Based on a same-named European show set on the border between Sweden and Denmark, The Bridge was developed by crime show veterans Elwood Reed and Meredith Stiehm (who penned some of the most memorable episodes of Homeland). The Bridge is also a rare series with a powerful sense of place. Where AMC's southwestern crime drama Breaking Bad portrays Mexico as a forbidding extraterrestrial landscape shot through a hellish red-brown filter, this show makes Mexico look like, well, Mexico. If you’ve spent any time in the border area, you’ll sense that this series is the work of people who’ve studied more than movies. The trailers, the trucks, the scrubby terrain, the endless expanses of highway, the cantinas and taquerías with their ever-present strings of Christmas tree bulbs, all have the ring of observed truth.

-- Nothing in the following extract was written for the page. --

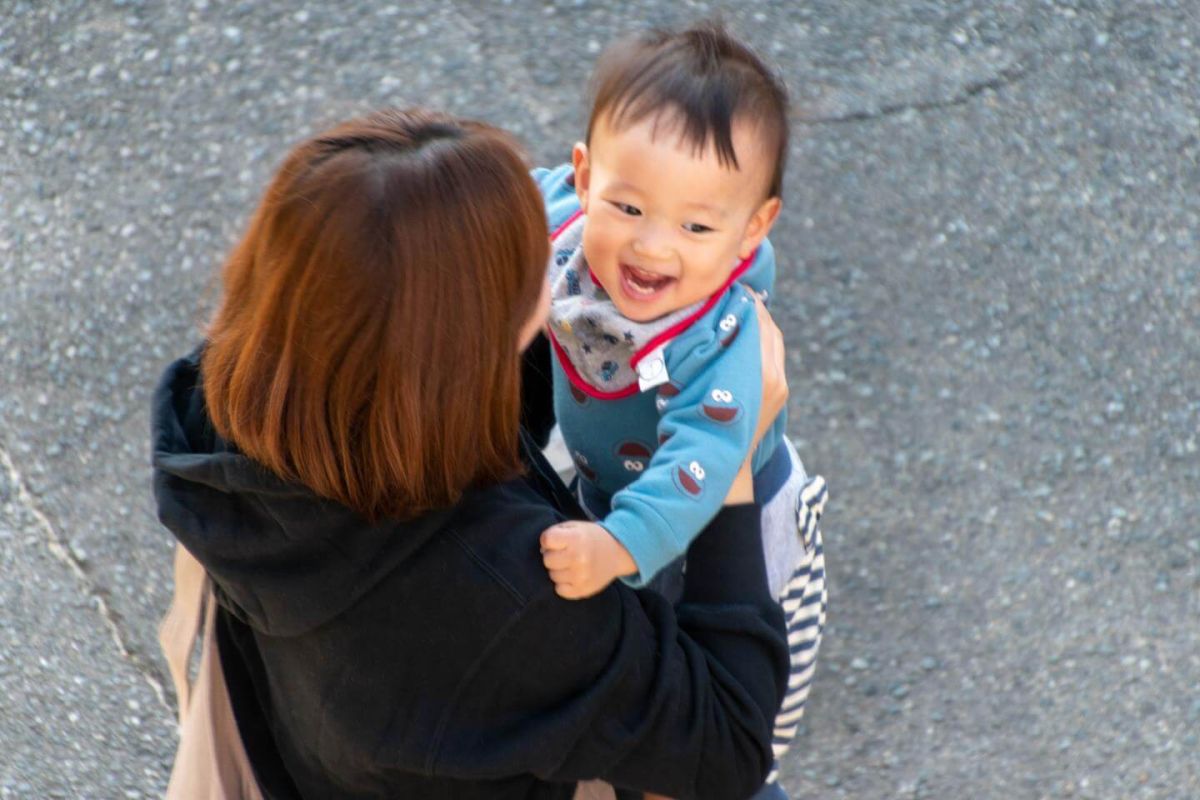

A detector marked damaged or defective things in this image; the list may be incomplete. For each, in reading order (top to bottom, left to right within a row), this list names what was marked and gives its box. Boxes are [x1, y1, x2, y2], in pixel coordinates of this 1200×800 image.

crack in asphalt [801, 60, 1027, 125]
crack in asphalt [0, 443, 174, 719]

So do little behavioral touches, such as the way in which a shady lawyer (Lyle Lovett, looking like a handsomer Grim Reaper in a big white hat), who represented the late Mr. Millright, visits his widow on the day of the memorial and presents her with a pot that supposedly contains three-bean salad, yet pointedly declines to take his hat off in her presence — a decision that seems thoughtless until you realize he’s there to intimidate her. The show is astute in showing how smart people of all ethnicities use cultural stereotypes of themselves to confound, deceive, and otherwise gain the upper hand. It also has a Coen brothers’–like talent for building character through vernacular dialogue, as when a pushy local cop tries to join Sonya and Marco’s investigation and is rebuffed, then says, “I think I feel a migraine comin’ on! It’s a headbuster!” I can’t speak to the veracity of the show’s legal and political details, but if it’s as credible as its portrait of daily newspapering — via a drug-addled but ferociously resourceful investigative reporter named Daniel Frye (Matthew Lillard) — we’re in good hands. (Frye’s editor is overheard warning another reporter, “File anything over 850 and I’ll cut it to size myself.”) I love shows that do their homework but don’t feel the need to constantly remind you of all the homework they’ve done.

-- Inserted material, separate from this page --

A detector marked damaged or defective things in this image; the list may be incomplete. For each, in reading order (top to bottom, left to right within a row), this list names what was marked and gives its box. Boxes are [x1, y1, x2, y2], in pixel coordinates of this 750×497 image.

Running beneath all the crime scene investigations, oddly insinuating small talk, and occasional bursts of savage violence is a sense of despair for how people and institutions and countries prize money and comfort above all else, and don’t particularly care about suffering unless it's their own. The killer’s taunts to police and the media make it seem as though he’s killing in order to force every character to think about the supposed equality of all people, and how illusory that equality really is. “Five murders a year in El Paso,” he says. “In Juarez, thousands. Why is one dead white woman more important than so many dead across the bridge?” The show’s people may lack compassion, but The Bridge clearly doesn’t. It cares as much about the young prostitutes and drug cartel foot soldiers in Mexico, the immigrants who sneak over the border, and the “coyotes” who prey on them as it does about the American reporters, police, businessmen, and politicians. Compared to all this, the occasional bum lines and scenes seem so negligible as not to merit mention. You can feel a network’s growing pains as you watch The Bridge, but growing pains are good. They’re what you feel when you’re evolving.